Nursing homes must, upon admission, prepare a Federally required report which must include a written plan of care which describes the residents’ ability to function independently and their general capacity to operate without supervision.

Based on the results of this assessment, proper actions must be taken to determine what level of unsupervised access the resident should have to the outside on their own and the general need to supervise the resident.

Many elderly nursing home residents are unable to protect themselves from harm or mentally unable to appreciate their safety needs. Some of them are confused or suffer from some form of dementia. These individuals must be supervised more closely than other residents.

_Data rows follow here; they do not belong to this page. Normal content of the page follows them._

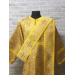 Protodeacon's red alb - Orthodox vestment for deacon set - Stikharion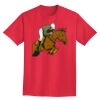 Ultra Cotton® Tall 6 oz. Short-Sleeve T-Shirt Thumbnail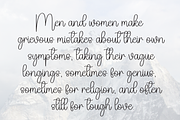 Yogaday | Script Font, a Handwritten Font by Scratchones (Thumbnail 6 of 9)
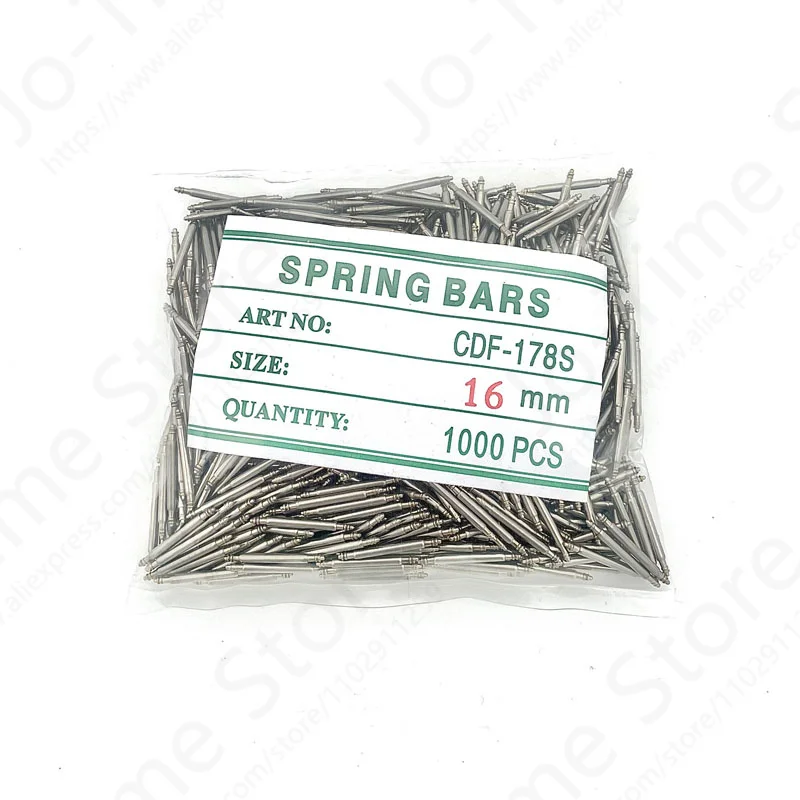 1000 шт., набор инструментов д – обзор и цена Spring Bar Tool Set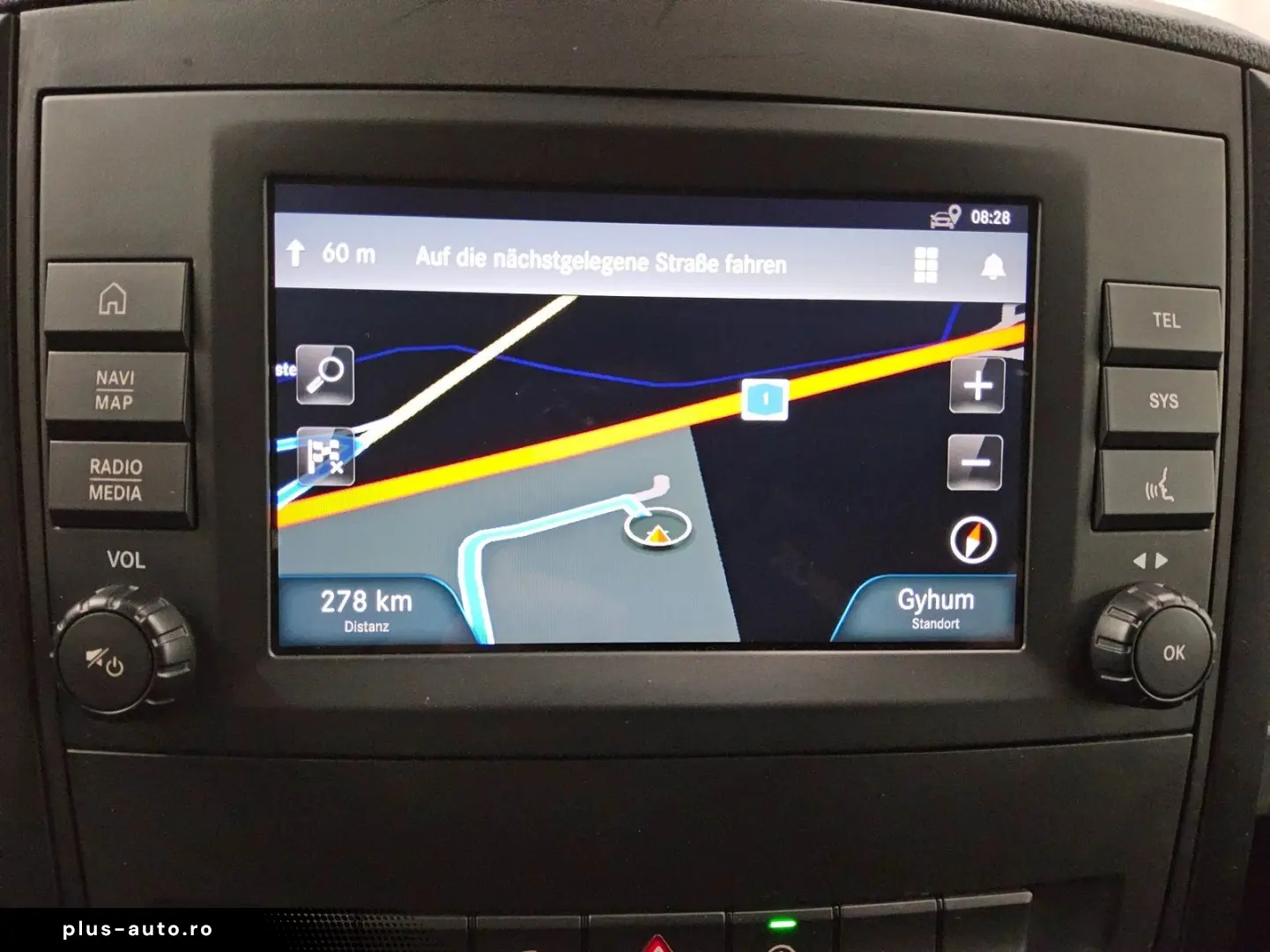 MERCEDES-BENZ Vito Lang CDI 8-Sitze Navi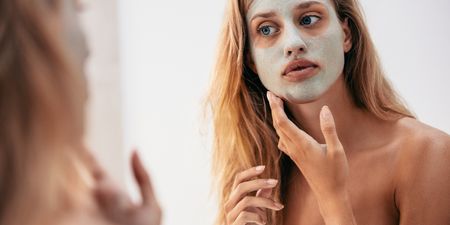 This supermodel-approved face mask is the perfect Saturday DIY
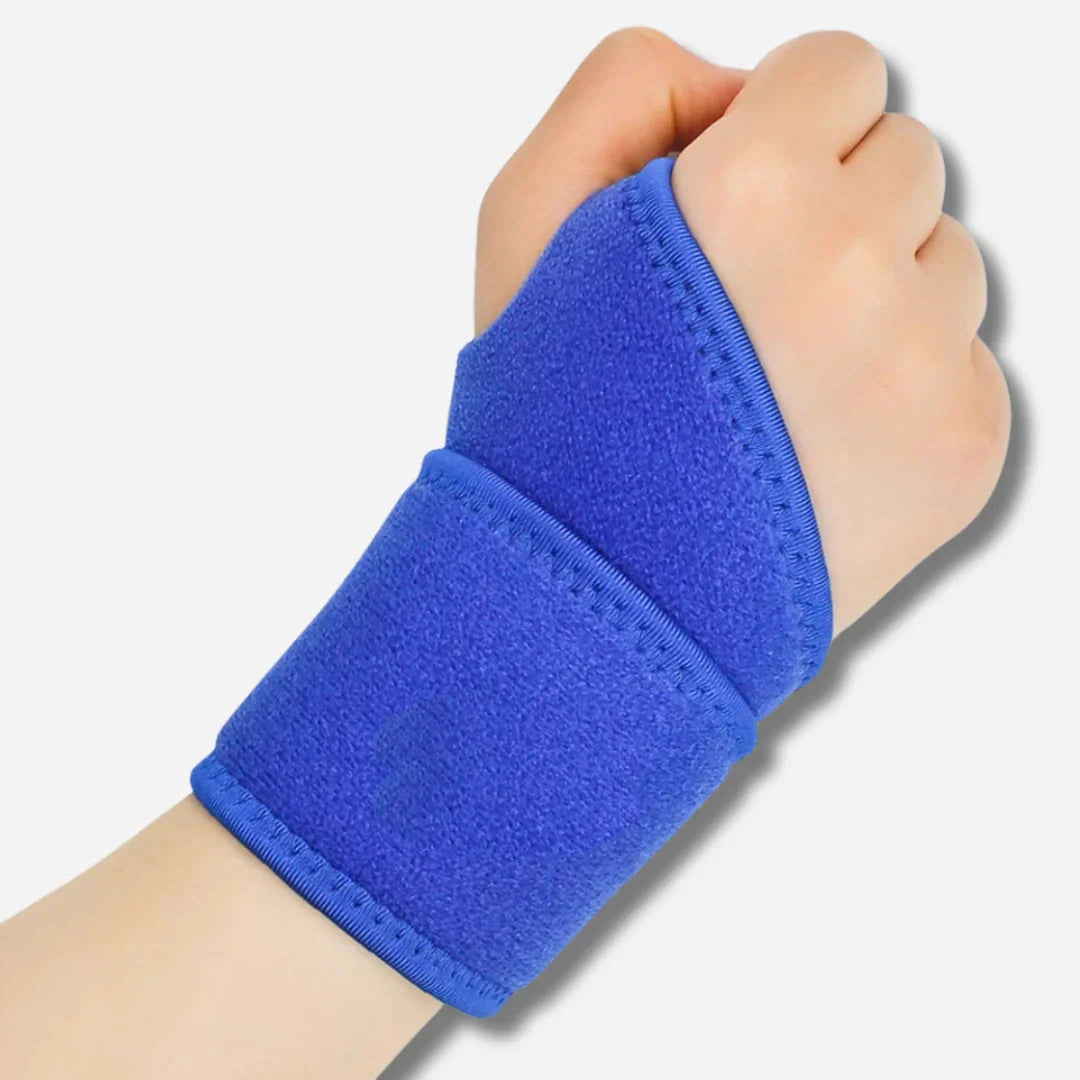 Solemarket | ErgiloWrist – Ergonomisk håndledsstøtte til sport og hverdagen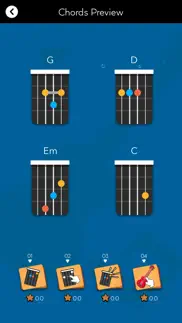 tunefor ukulele tuner & chords iphone images 4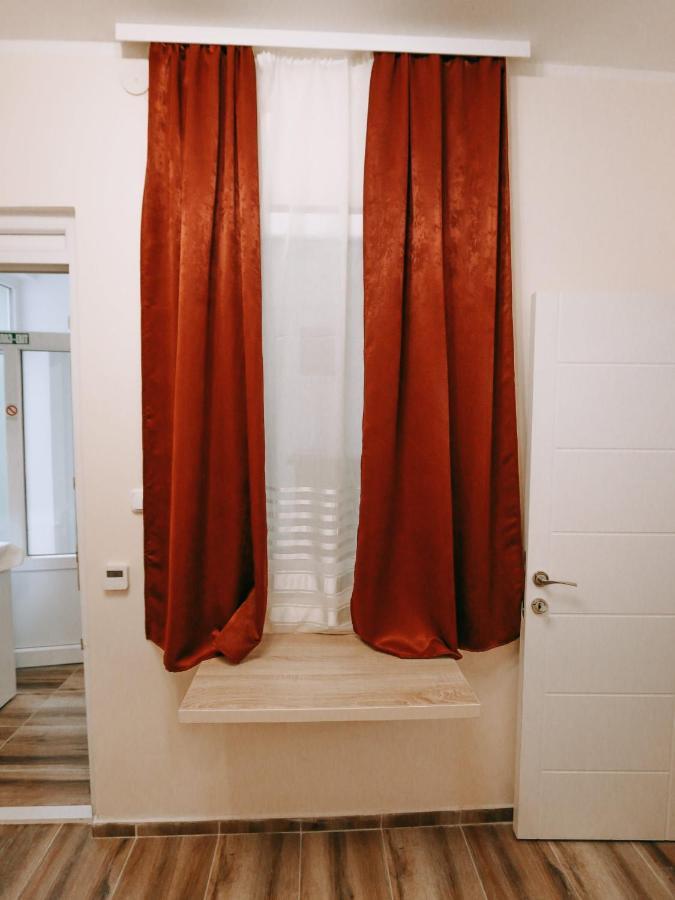 Apartmán Vila Evropa Sombor Exteriér fotografie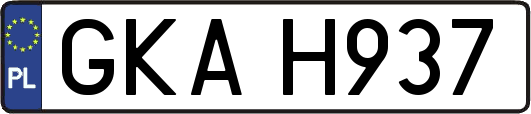 GKAH937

If a resident poses a high risk of wandering or attempting to leave the facility unsupervised, the nursing home has an obligation to have proper devices in place and sufficient staff to prevent wandering.

Sadly, not all nursing homes do this. When they do not, they may be liable for injuries which happen when they do not.

Failure to provide proper care could result in confused residents being placed in a position where they are helpless, lost and alone.

In many cases simple steps should be taken to reduce the risk of wandering off or elopement. Steps that should be taken include:

  • Use security cameras or have security staff to prevent elopement
  • Moving higher risk residents nearer to the nurses’ station
  • Have sufficient staff to monitor high risk residents
  • Lock the doors for sections of the nursing home where high risk wanders are housed
  • Place alarms or bells on doors

The nursing home staff also must be trained properly how to use and monitor any devices that are in place and respond correctly when a resident does attempt to elope or leave.